2020 Menards 200 presented by Crosley Brands
- Date: August 1, 2020
- Official name: Menards 200 presented by Crosley Brands
- Location: Toledo, Ohio, Toledo Speedway
- Course: Permanent racing facility
- Course length: 0.8 km (0.5 miles)
- Distance: 127 laps, 63.5 mi (102.193 km)
- Scheduled distance: 200 laps, 100 mi (160.934 km)
- Average speed: 73.129 miles per hour (117.690 km/h)

Pole position
- Driver: Ty Gibbs; / Joe Gibbs Racing
- Time: 16.030

Most laps led
- Driver: Ty Gibbs / Joe Gibbs Racing
- Laps: 107

Winner
- No. 21: Sam Mayer / GMS Racing

Television in the United States
- Network: MAVTV
- Announcers: Bob Dillner, Jim Tretow

Radio in the United States
- Radio: ARCA Racing Network

= 2020 Menards 200 =

The 2020 Menards 200 presented by Crosley Brands was the 10th race of the 2020 ARCA Menards Series season, the fifth race of the 2020 Sioux Chief Showdown, and the second of two back-to-back races of the weekend. The race was held on Saturday, August 1, in Toledo, Ohio, at Toledo Speedway, a 0.5 miles (0.80 km) permanent oval-shaped racetrack. The race was shortened from the scheduled 200 laps to 127 due to rain. At race's end, Sam Mayer of GMS Racing would sweep the weekend, taking the lead on a late restart on lap 117 to win his second career ARCA Menards Series win and his second of the season and his second consecutive win of the season. To fill out the podium, Chandler Smith of Venturini Motorsports and Bret Holmes of Bret Holmes Racing would finish second and third, respectively.

== Background ==
Toledo Speedway opened in 1960 and was paved in 1964. In 1978 it was sold to Thomas "Sonny" Adams Sr. The speedway was reacquired by ARCA in 1999. The track also features the weekly racing divisions of sportsman on the half-mile and Figure 8, factory stock, and four cylinders on a quarter-mile track inside the big track. They also have a series of races with outlaw-bodied late models that includes four 100-lap races and ends with Glass City 200. The track hosts the “Fastest short track show in the world” which features winged sprints and winged Super Modifieds on the half mile. Toledo also used to host a 200-lap late model race until its sale to ARCA in 1999.
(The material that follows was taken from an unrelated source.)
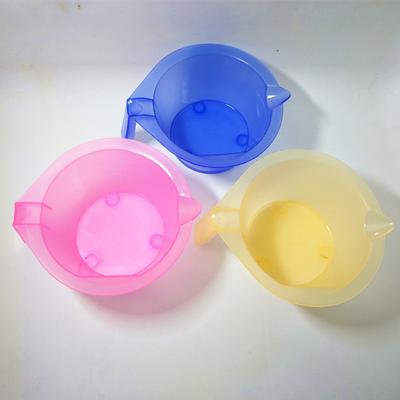 China Beauty Hair Salon Hair Dye Wholesale Mixing Bowl Oil Bowl Hairdressing Baking Tools for sale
Toledo is known for the foam blocks that line the race track, different than the concrete walls that line many short tracks throughout America. The crumbling walls can make track cleanup a tedious task for workers.

=== Entry list ===

| # | Driver | Team | Make | Sponsor |
| 4 | Hailie Deegan | DGR-Crosley | Ford | Monster Energy |
| 06 | Tim Richmond | Wayne Peterson Racing | Toyota | Wayne Peterson Racing |
| 10 | Mike Basham | Fast Track Racing | Toyota | Fast Track Racing |
| 11 | Owen Smith | Fast Track Racing | Chevrolet | Fast Track Racing |
| 12 | Rick Clifton | Fast Track Racing | Toyota | Ashville Propane |
| 15 | Drew Dollar | Venturini Motorsports | Toyota | Sunbelt Rentals |
| 17 | Taylor Gray | DGR-Crosley | Ford | Ford Performance |
| 18 | Ty Gibbs | Joe Gibbs Racing | Toyota | Monster Energy |
| 20 | Chandler Smith | Venturini Motorsports | Toyota | JBL |
| 21 | Sam Mayer | GMS Racing | Chevrolet | Why Not You Foundation |
| 22 | Derek Griffith | Chad Bryant Racing | Ford | Original Gourmet Lollipops |
| 23 | Bret Holmes | Bret Holmes Racing | Chevrolet | Holmes II Excavating |
| 25 | Michael Self | Venturini Motorsports | Toyota | Sinclair |
| 46 | Thad Moffitt | DGR-Crosley | Ford | Performance Plus Motor Oil Richard Petty Signature Series |
| 48 | Brad Smith | Brad Smith Motorsports | Chevrolet | Home Building Solutions, NASCAR Low Teams |
| 74 | Austin Green | Visconti Motorsports | Chevrolet | Sandler Capital Management |
Official entry list

== Qualifying ==
Qualifying was held on Friday, July 31, at 6:30 PM EST. Qualifying was a single car, two lap system where the first lap would determine the starting position for Friday's race, and the second lap would determine the starting position for Saturday's race.

Ty Gibbs of Joe Gibbs Racing setting a time of 16.030 and an average speed of 112.289 mph.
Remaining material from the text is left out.